:: EXERCISE DESCRIPTION ::
Everything from the line with "Marshalling panel: the" to the final line of the entries, both included, should be restated word for word; please omit the pictures.

:: DATA SECTION ::
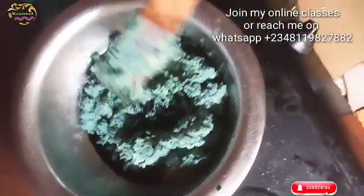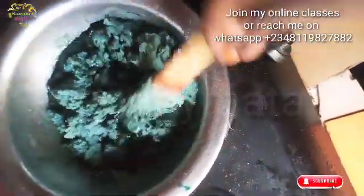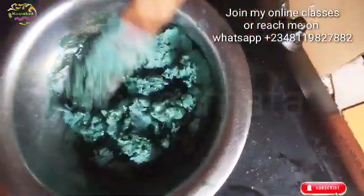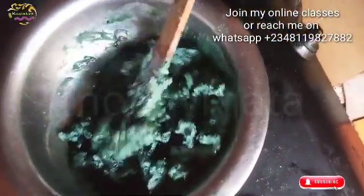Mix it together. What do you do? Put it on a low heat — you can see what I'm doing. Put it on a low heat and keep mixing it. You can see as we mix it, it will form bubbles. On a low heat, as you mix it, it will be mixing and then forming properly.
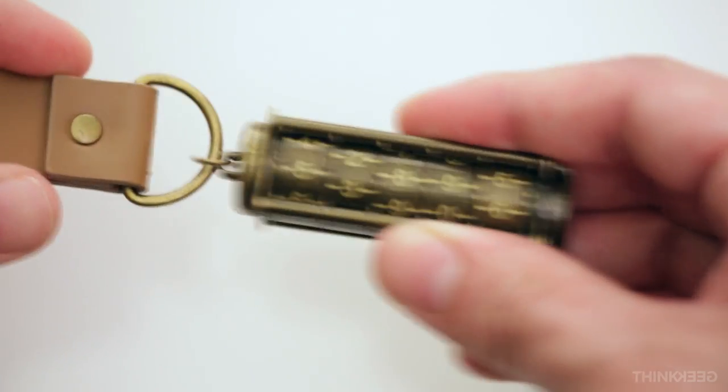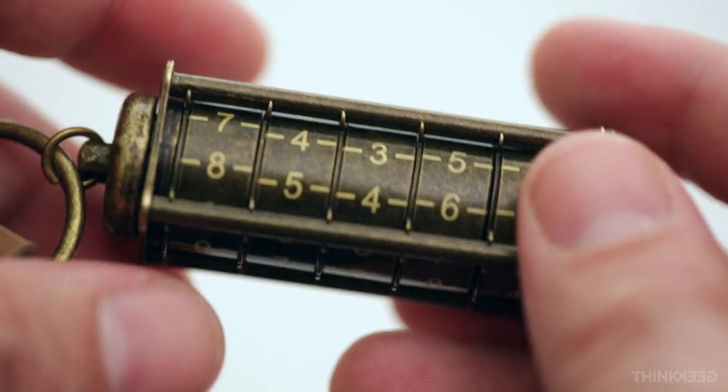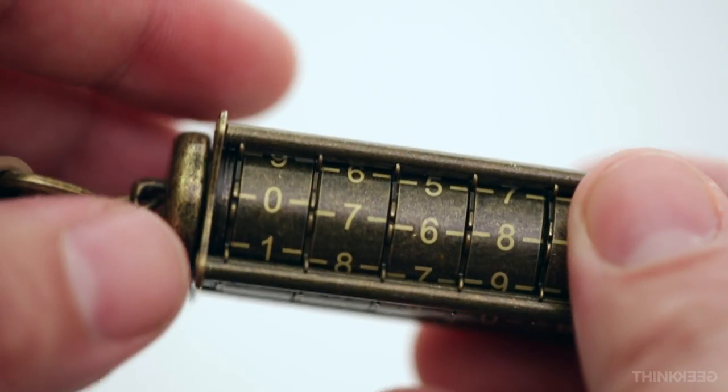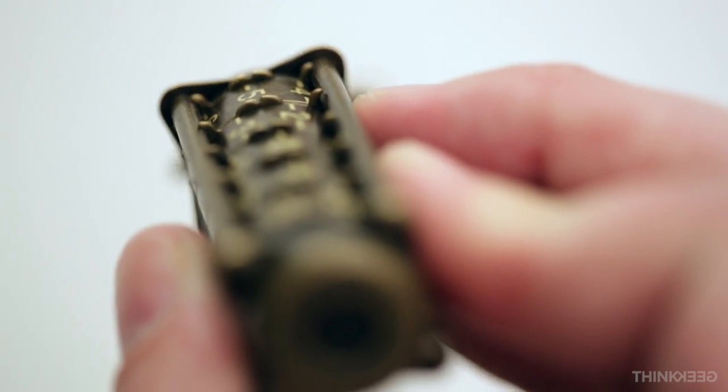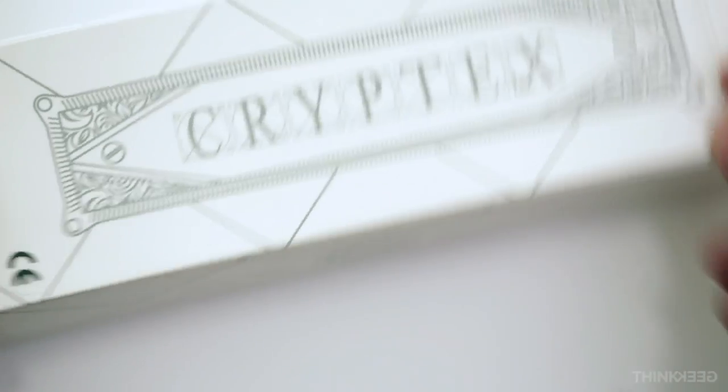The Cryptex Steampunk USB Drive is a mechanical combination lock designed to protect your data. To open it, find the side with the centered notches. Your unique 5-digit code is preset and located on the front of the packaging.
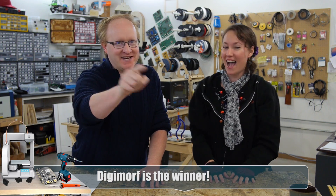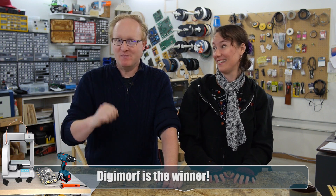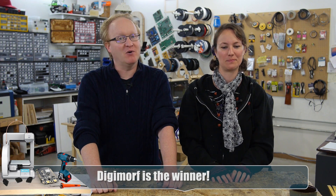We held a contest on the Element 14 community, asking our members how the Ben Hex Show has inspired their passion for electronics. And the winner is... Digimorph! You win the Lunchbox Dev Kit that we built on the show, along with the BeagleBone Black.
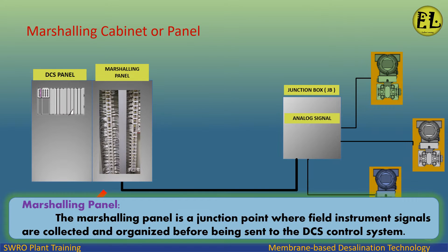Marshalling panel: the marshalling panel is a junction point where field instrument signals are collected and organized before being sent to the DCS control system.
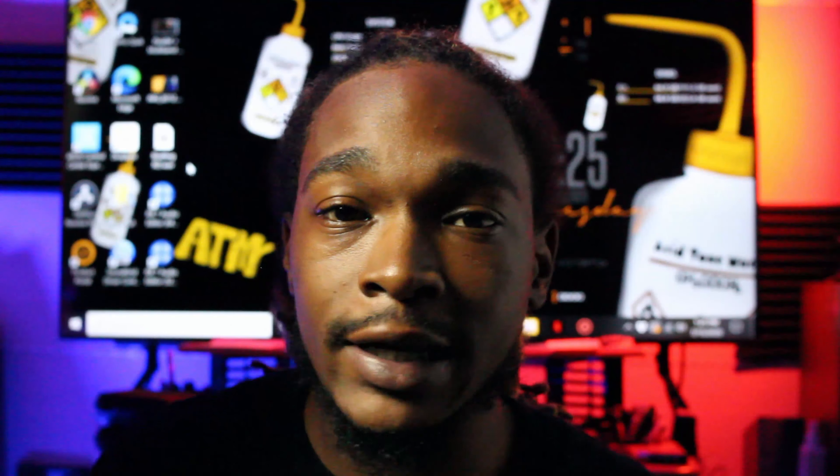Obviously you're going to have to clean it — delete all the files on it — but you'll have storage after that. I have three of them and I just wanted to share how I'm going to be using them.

:: RESULT OF THIS EXERCISE ::
Marshalling panel: the marshalling panel is a junction point where field instrument signals are collected and organized before being sent to the DCS control system.
Obviously you're going to have to clean it — delete all the files on it — but you'll have storage after that. I have three of them and I just wanted to share how I'm going to be using them.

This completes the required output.